It is difficult to plot a flat five-mile walk in this part of the Ribble Valley. At least if you want to make it interesting. Sir Hugh is a connoisseur of trails, so I have to make this one at least appear interesting and at the same time without too much uphill.
He has kindly offered to come down from Cumbria in order to drive me to a walk I can’t easily reach otherwise. He left the choice to me.
The morning is misty, so we linger and catch up over coffee before leaving. A low-level walk is probably best in these conditions. Half a Tolkien is what I’ve named it. I could probably just about walk it blindfolded.
The Tolkien Trail is a walk around the area inspired by J R R Tolkien’s writings during his stay at the college in the late 1940s. A number of names which occur in ‘The Hobbit’ and ‘The Lord of the Rings’ are similar to those found locally. The tourism people have made as much cudos from it as possible.
Leaving Hurst Green, the much-improved footpath drops steeply down to the Ribble. As we happily descend, I have nagging doubts at the back of my mind that we will have to climb back up at some stage. I need not have worried; Sir Hugh is a true soldier. 
Peace is all around. There is no wind, and the Ribble flows sedately by, one of the great rivers of the North. The still, misty conditions add atmosphere to the banks. The stately aqueduct, 1880 era, carries a water pipe to Blackburn, but I can’t remember where it originated. ? Langden Intake at Dunsop Bridge. 

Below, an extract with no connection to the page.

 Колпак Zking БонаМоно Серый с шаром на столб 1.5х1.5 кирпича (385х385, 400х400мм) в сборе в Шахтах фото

We are now on an ‘astro turf’ path. At some stage, a plastic sports pitch has been taken up and relaid as a strip along the river bank, creating the perfect walking surface which blends in with the surroundings. It could be used to advantage on other popular/eroded paths. I think Sir Hugh has stepped offside at this point. 
The trail further on has been surfaced with slate chippings, equally resistent but not as visually pleaasing. I wonder which will survive the longest? 

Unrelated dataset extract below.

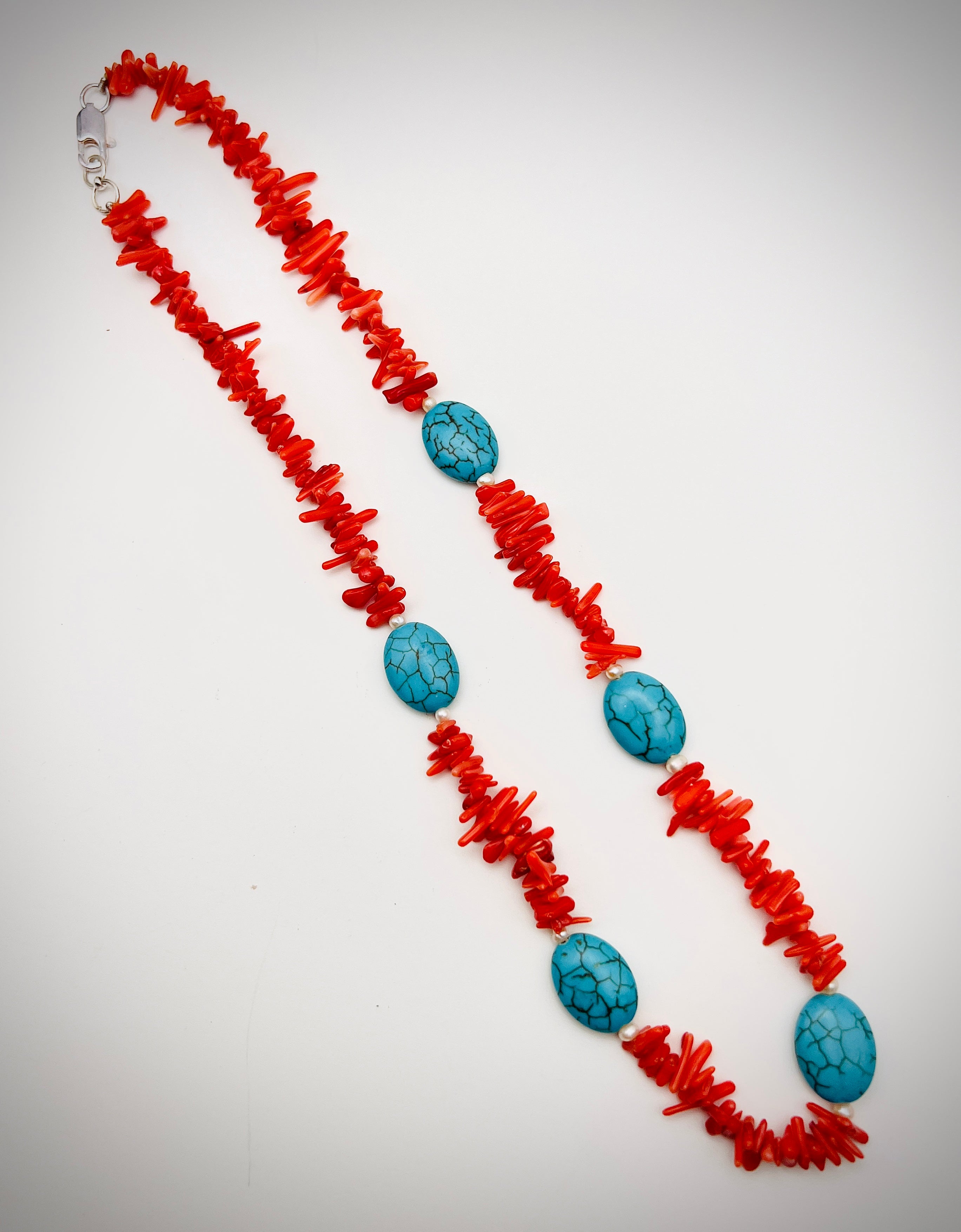 Coral Chips and Turquoise Pearl Necklace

Jumbles, where the river has a little dance, comes and goes.
Upstream, fishermen are trying their luck.
I point out Hacking Hall across the way, just visible in my header photo (garderobe was the word I was trying to bring to mind). The Calder joins in here at the site of the old Hacking Ferry, which would have been in operation in Tolkien’s time. 
I have a secret up my sleeve. We are always looking for a comfortable seat to have lunch, but there is never one when needed. Today, I hone in on a fisherman’s bench just above where the Hodder, itself a sizeable river, joins the Ribble. Perfect, with extra brownie points. 

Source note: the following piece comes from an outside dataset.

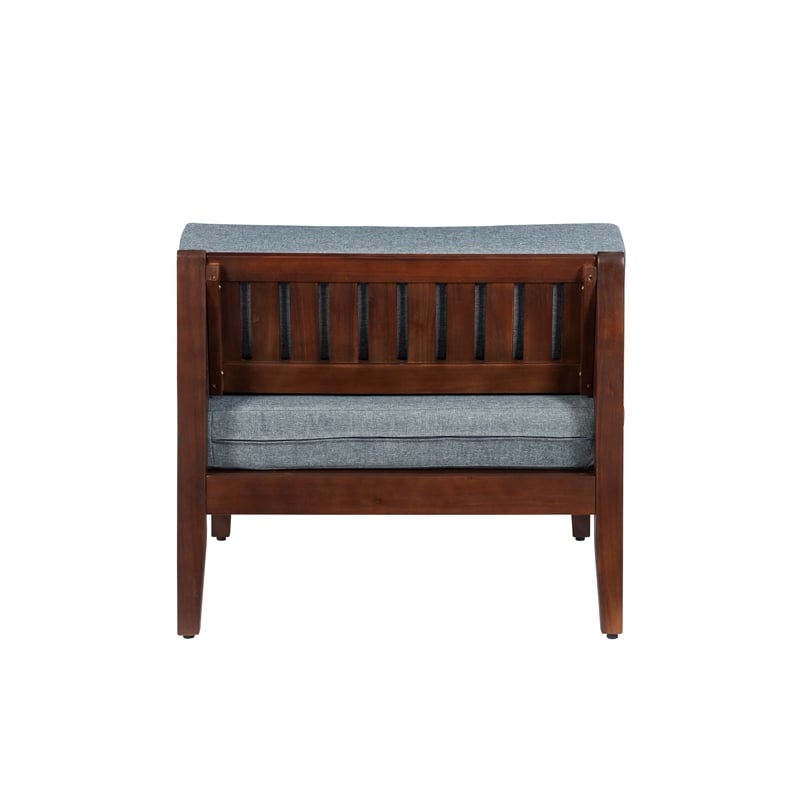 Afuera Living Outdoor Middle Chair Acacia Wood with Gray Cushions in Walnut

Close by is the Winkley Oak, that magnificent ancient tree. I am always reassured to see it still standing after the winter storms. 
The diverted path is no problem. However, I’m still not sure whether it is official.
As we slowly climb the lane, I mention that the tall trees nearby are a heronry at this time of year. They have nested here for generations. Peering up into the roof canopy, we fail to spot any nests. But then a couple of herons on the ground take to flight and land in the highest branches. They tend to lay early, so they are probably building nests at the moment. Their rasping cries break the general silence.
I find a group of Oyster fungi on a fallen tree, enough for a snack on toast later. (I’m still alive) 
The path across the fields has been improved, and we are soon at that bus stop on the road junction. It is too misty for the classic view of Pendle Hill or Cromwell’s Bridge down below. More of him later. 
I try to ignore the steep bit of road climbing up to Stonyhurst College grounds. Sir Hugh hardly stops for breath.
We take a back route through the college grounds, past all those terrets and observatories, until there in front of us is the magnificent St. Peter’s Church. 
The front of the college is inspiring. The road leading to it is dramatic. The public right of way now goes elsewhere, but I remember walking straight up to the college years before security stepped in. In ignorance and encouraged by Sir Hugh, we walk out on that entrance drive between the ornamental ponds. I wonder whether the security cameras picked us up.
Once safely out of the gates, we have time to turn around and admire the college’s frontage. 
The long road leads to the tacky, all-seeing Column of the Immaculate Conception on a mound. More interesting is a large wayside stone. After staying the night in Stonyhurst, Cromwell allegedly stood on this stone and described the mansion ahead of him as “the finest half-house in England”; the symmetry of the building was, at that time, incomplete. He fought the Preston battle the following day, 17th August 1648, against the Royalist army. 
From here, it is a simple stroll back into Hurst Green just as the sun is breaking through.